To evaluate genotyping technical robustness, an experiment was designed and conducted with Affy6 using four technical replicates for six subjects. The results showed that genotyping with Affy6 is generally robust for the raw intensity, genotypes, and CNV. The reproducibility across laboratories with an average concordance of ∼0.99 was observed. However, common diseases being investigated in GWAS are typically influenced by multiple loci, with each locus making a small contribution. Therefore, small errors in any procedure can be amplified in GWAS results, as shown in the results for significant associations under various SNP arrays and genotype calling algorithms. The potential for errors caused by small technical fluctuations of genotyping suggests that technical replicates can increase the reliability of GWAS findings. Furthermore, using technical replicates helps remove low-quality arrays as shown in this study. If no technical replicates were used, one replicate of N13 would not be identified as problematic because its QC looks reasonable. But when comparing with the other three technical replicates, it is obvious that all measures (intensity correlation, concordances of genotypes and CNV, heterozygous rate) show that the data from this array causes problems in genotyping.
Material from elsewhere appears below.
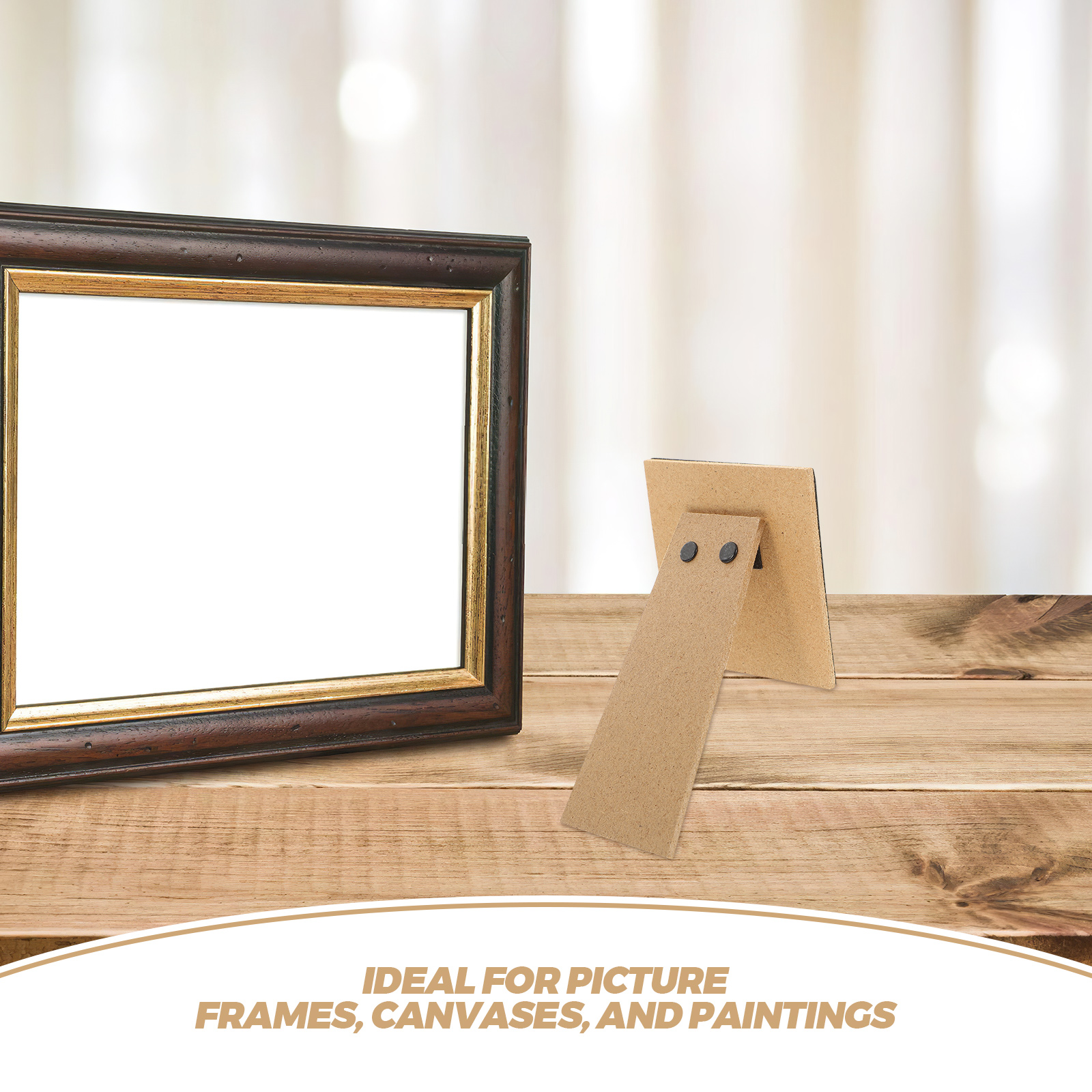 2pcs Picture Frame Easel Back Plate Bracket Diy Wood Based Panel Stand For Frame Canvas Painting Foldable Frame Support Bracket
This study showed that genotype inconsistency propagates to GWAS results. Sources of errors introduced into genotypes such as experimental design, the type of SNP array, and the genotype calling algorithm have the potential to generate inconsistent associated SNPs, and hence Type I and Type II errors. Furthermore, it was observed that genotype inconsistency not only propagated to the downstream association analysis, but was amplified in the associated SNPs (Supplementary Figure 6).

There were many SNPs (∼15%) identified as significant from BRLMM and Birdseed, but not from DM (Supplementary Figures 6b and 6c). Most of those SNPs had low call rates and were filtered in the QC process and not tested for associations. If a less stringent cutoff was used in DM, it could be expected that some of those SNPs would pass the same QC criterion and the missing rate of associated SNPs from DM would be decreased, but could not be completely eliminated, evidenced by the comparison between BRLMM and Birdseed in which discordant rates of associated SNPs were about three times of the discordant rate of genotypes between the two algorithms (Supplementary Figure 6d).

Genotype discordance was found in both missing calls and successful calls. Our study showed that the propagation of discordant genotypes to the associated SNPs was caused by both sources of discordance (Figures 5 and 6). Our observations suggest that there is room for improvements on both call rate and accuracy of calling algorithms. There is a tradeoff in the source of discordance depending on the chosen cutoff for calling a missing.

An interesting observation was that more associated SNPs were identified in the model using African as case (Figures 5 and 6). In the HapMap samples, it is well known that the Yoruban is more genetically distinct than the Asian and European. However, discordant rates of associated SNPs for the African model were lower than Asian and European models (Figure 6). Therefore, discordance in genotypes might be amplified more in the associated SNPs for weaker traits than for stronger traits. Comparing with the population differences of the HapMap samples used in our study, traits of current GWAS are usually much weaker, and a smaller number of concordant associated SNPs are expected.